No começo, alertamos acima, ele ficou com medo. Mas quem não ficaria? E quem, depois de conhecer o que era desconhecido até então, não se entregaria? Mas ele foi além. Sentiu, se deu, fechou os olhos, tapou os ouvidos. E foi. Na bagagem, ele levou roupas e um papel. Em branco, pra escrever a vida. A vida que pra ele agora tinha cores, muitas cores. Tinha nome e endereço, e cabelos ruivos. E a vida foi boa naquele momento. As cores se destacaram, e o tempo encurtou. Mais do que ele queria.

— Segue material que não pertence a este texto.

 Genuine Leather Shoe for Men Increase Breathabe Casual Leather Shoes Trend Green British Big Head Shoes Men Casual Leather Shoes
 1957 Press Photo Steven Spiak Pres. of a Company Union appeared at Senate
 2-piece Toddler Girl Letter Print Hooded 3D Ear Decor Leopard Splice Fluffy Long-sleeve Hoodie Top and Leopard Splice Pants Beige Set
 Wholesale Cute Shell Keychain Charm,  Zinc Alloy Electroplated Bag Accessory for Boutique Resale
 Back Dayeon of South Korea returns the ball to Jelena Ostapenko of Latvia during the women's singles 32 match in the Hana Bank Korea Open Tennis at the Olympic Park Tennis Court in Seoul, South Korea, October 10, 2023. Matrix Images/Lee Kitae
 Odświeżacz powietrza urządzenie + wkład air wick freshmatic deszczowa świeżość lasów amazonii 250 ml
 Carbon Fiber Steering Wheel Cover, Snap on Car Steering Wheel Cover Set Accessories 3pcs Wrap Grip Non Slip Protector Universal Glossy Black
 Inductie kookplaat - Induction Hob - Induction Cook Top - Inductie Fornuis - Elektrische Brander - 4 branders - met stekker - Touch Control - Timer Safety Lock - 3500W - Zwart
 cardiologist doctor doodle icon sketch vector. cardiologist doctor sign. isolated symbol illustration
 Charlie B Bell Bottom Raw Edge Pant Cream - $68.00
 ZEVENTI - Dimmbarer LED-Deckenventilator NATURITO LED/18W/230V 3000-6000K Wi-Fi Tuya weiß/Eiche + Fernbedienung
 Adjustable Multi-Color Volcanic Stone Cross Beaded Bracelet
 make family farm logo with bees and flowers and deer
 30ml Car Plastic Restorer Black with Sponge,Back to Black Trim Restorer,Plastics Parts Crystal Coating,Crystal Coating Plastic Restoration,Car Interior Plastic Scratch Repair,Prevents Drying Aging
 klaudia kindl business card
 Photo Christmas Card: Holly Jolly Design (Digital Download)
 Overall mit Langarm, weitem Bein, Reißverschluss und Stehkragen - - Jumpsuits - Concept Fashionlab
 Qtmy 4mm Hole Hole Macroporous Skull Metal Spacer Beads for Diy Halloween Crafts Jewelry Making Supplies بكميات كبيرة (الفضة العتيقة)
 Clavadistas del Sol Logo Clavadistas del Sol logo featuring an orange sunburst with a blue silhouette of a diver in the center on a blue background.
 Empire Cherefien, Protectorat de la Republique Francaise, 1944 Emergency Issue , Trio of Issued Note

Voltando, ele foi novamente. E indo, voltou. E assim foi, até as letras não deixarem mais. Até elas estragarem, derreterem, parecerem números. Frios, e acima de tudo calculistas. E ele leu, releu e leu novamente. Não acreditava, ou não queria acreditar. Talvez por ter fechado os olhos e tapado os ouvidos no começo de tudo... Mas era difícil fingir, ele nunca fora bom nisso. Aliás, nunca fora bom em muitas coisas... Por exemplo, em aceitar erros. E com esse, é claro, não ia ser diferente: foi como estar debaixo d'água, perdendo o fôlego a cada instante, tentando ficar até o último momento. Mas ele nem precisou se preocupar tanto em manter-se lá: retiraram a água antes, e com ela muito mais.
Ligou, inconformado, pra ela. E decidiu ir novamente. Fazia questão de se enganar naquele momento, dizendo que ia tirar tudo a limpo. Claro, sendo o homem o que é, e não sabendo ser de outra maneira, a limpeza não passou de cinco minutos, talvez menos, não mais. Mais cedo do que supunha, já se sentia bem. E voltou. Sabendo que nunca mais ia vê-la. Sabendo que valeu a pena. E pensando que foi bom. Ainda, a folha continuava em branco.